• Your instructions:
Retype every record exactly. Skip the images.

Image-caption web data:
◇ ◇ ◇ ◇ ◇
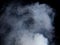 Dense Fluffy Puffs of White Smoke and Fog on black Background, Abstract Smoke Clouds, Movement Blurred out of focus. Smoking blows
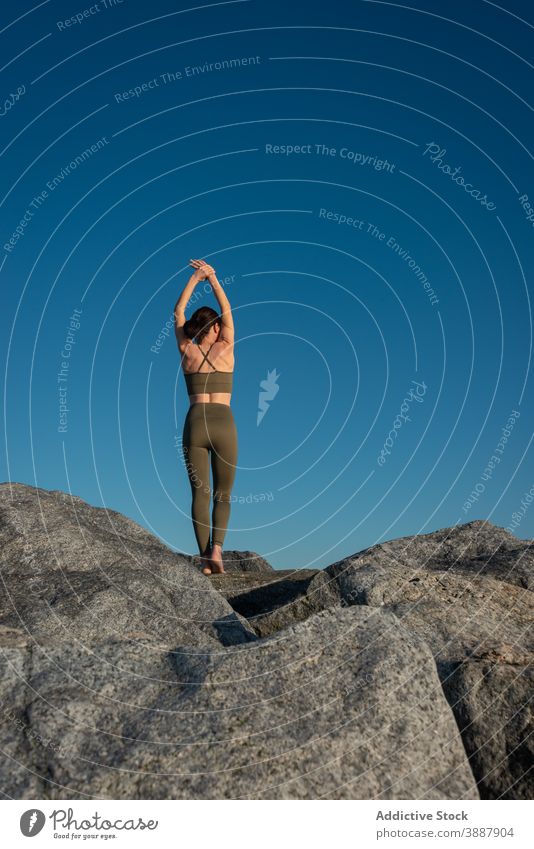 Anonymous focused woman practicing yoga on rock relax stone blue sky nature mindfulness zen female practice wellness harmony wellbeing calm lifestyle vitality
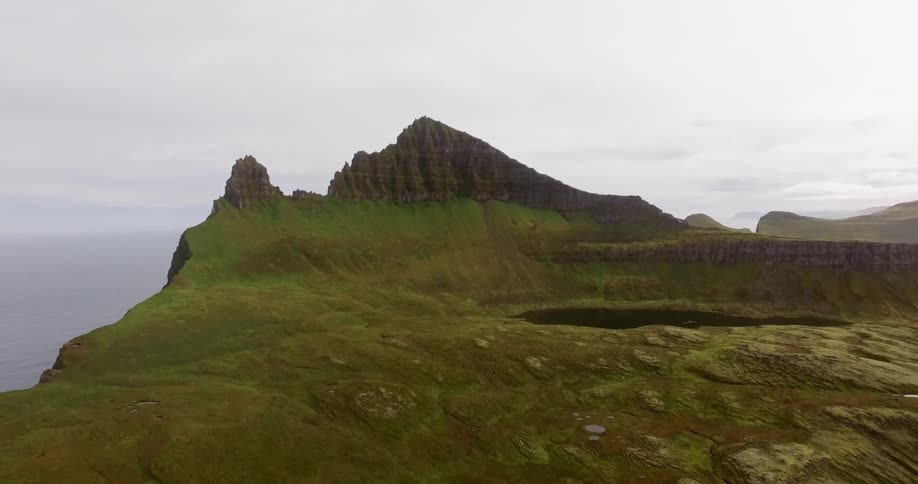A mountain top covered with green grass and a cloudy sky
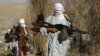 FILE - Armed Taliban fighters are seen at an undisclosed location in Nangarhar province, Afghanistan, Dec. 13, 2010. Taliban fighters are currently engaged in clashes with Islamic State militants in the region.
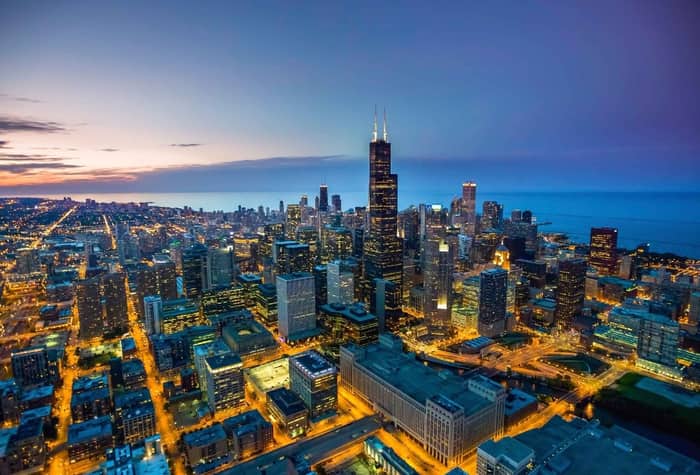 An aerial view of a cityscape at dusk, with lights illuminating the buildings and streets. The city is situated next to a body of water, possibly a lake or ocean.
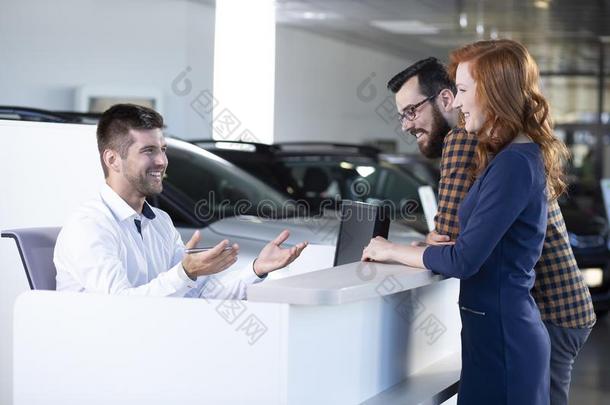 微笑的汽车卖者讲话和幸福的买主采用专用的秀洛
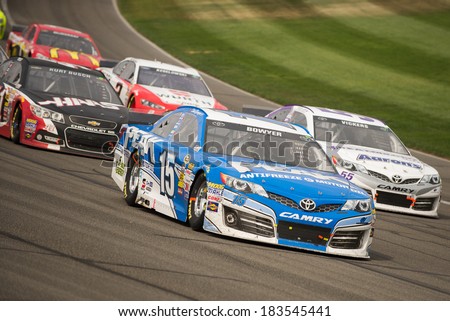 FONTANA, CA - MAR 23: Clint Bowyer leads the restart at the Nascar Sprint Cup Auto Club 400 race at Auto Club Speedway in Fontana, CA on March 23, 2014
◇ ◇ ◇ ◇ ◇
• Response to this task:
 Dense Fluffy Puffs of White Smoke and Fog on black Background, Abstract Smoke Clouds, Movement Blurred out of focus. Smoking blows
 Anonymous focused woman practicing yoga on rock relax stone blue sky nature mindfulness zen female practice wellness harmony wellbeing calm lifestyle vitality
A mountain top covered with green grass and a cloudy sky
 FILE - Armed Taliban fighters are seen at an undisclosed location in Nangarhar province, Afghanistan, Dec. 13, 2010. Taliban fighters are currently engaged in clashes with Islamic State militants in the region.
 An aerial view of a cityscape at dusk, with lights illuminating the buildings and streets. The city is situated next to a body of water, possibly a lake or ocean.
 微笑的汽车卖者讲话和幸福的买主采用专用的秀洛
 FONTANA, CA - MAR 23: Clint Bowyer leads the restart at the Nascar Sprint Cup Auto Club 400 race at Auto Club Speedway in Fontana, CA on March 23, 2014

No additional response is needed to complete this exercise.